National (PID) Graph
The National Graph project is a collaborative approach to building a national-level graph of persistent identifiers. This new capability provides insights into the collaborations between research institutions, industry, and international partners.
You can contribute to this project by joining the national graph working group.
Australian National Graph
The Australian National Graph represents the initial effort to build a national-scale PID graph database. Based on the Research Graph schema, National Graph links over a thousand research organizations to their respective research outputs.
Last update: 5 Jan 2023
National Graph project utilises the robust technology of Neo4j to construct and deploy our graph database. Renowned for its scalability, performance, and user-friendly interface, Neo4j enables us to develop a native graph database based on the Research Graph Schema that has been purposefully designed and optimised to deliver high-performance graph queries.
Nodes are grouped by labels
Match (n:researcher) return * limit 10
Match (n:orcid) return * limit 10
Match (n:researcher:orcid) return * limit 10
Neo4j nodes are grouped by labels. These labels enable optimised information retrieval, and provide a logical structure of the graph. Labels in our graph represent metadata sources or data types, allowing for targeted searches based on specific metadata, such as finding researchers with ORCID profiles.
For more information on graph queries refer to https://neo4j.com/docs/cypher-cheat-sheet/current/
Multilayer Data Architecture
National Graph uses a three layers architecture to compose, optimise and disseminate the graph to our project partners. This multilayer architecture enables separation of different major components and provides more optimised serviceability.

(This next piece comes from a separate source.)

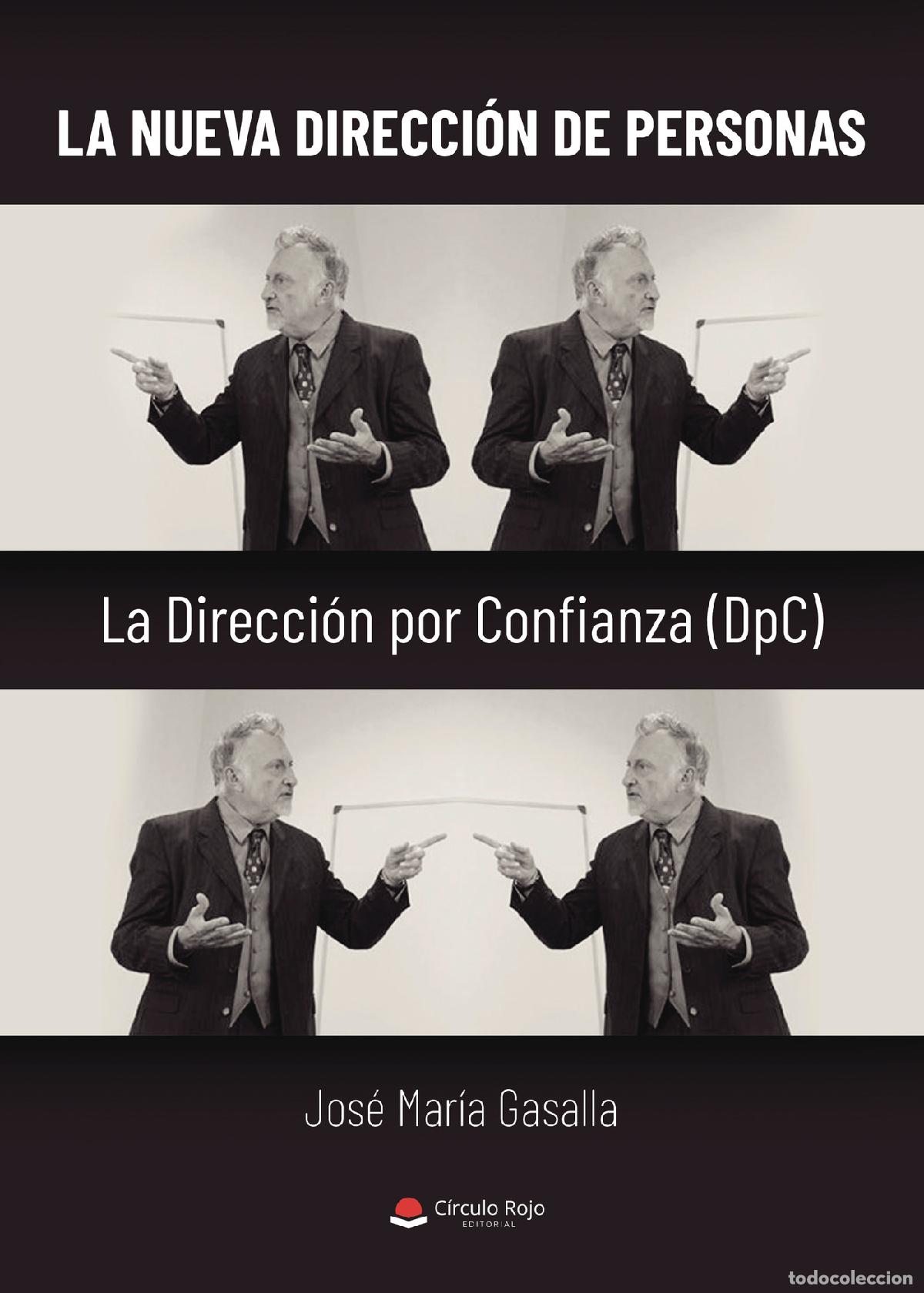 books: La nueva direcci&oacute;n de personas - La Direcci&oacute;n por Confianza (DpC) - Jos&eacute; Mar&iacute;a Gasalla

The data pipeline extracts data from major persistent identifier (PID) providers like Crossref, ORCID, and DataCite, among others. Microservices within this layer work to consolidate the data into a connected Neo4j graph. The layer utilizes the Research Graph schema and technology to connect PIDs by applying metadata, text mining, and entity resolution algorithms.
This layer serves to construct a streamlined graph of Australian research output. A fundamental aspect of this layer involves identifying and establishing links between organisation names and PIDs, including ISNI, ROR, and WikiData.
The data access layer comprises a distributed network of Neo4j databases that facilitate access to National Graph content through the Neo4j graph interface. This network's decentralized architecture empowers Australian researchers to leverage their cloud infrastructures to manage and coordinate access to the database effectively, allowing universities to allocate resources as needed.